• Task material:
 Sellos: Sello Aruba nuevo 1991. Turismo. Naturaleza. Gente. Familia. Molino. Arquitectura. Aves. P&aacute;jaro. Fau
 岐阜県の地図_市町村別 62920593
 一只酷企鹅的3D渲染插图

--

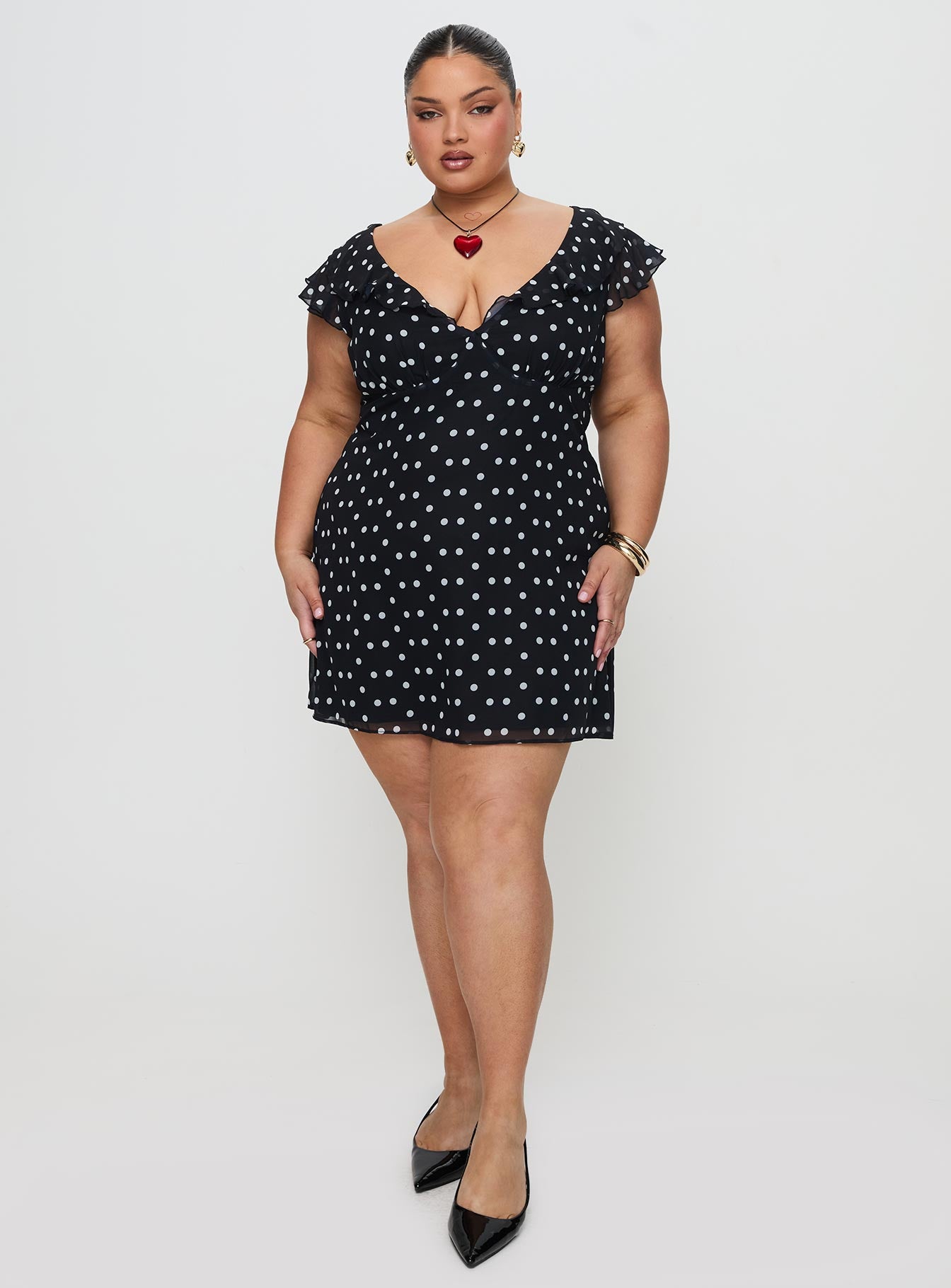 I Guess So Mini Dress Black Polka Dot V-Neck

• Directions: Both end lines included, restate word for word the lines above from the line with "Sellos: Sello Aruba" to the line with "一只酷企鹅的3D渲染插图", and nothing else.

• Result of this exercise:
 Sellos: Sello Aruba nuevo 1991. Turismo. Naturaleza. Gente. Familia. Molino. Arquitectura. Aves. P&aacute;jaro. Fau
 岐阜県の地図_市町村別 62920593
 一只酷企鹅的3D渲染插图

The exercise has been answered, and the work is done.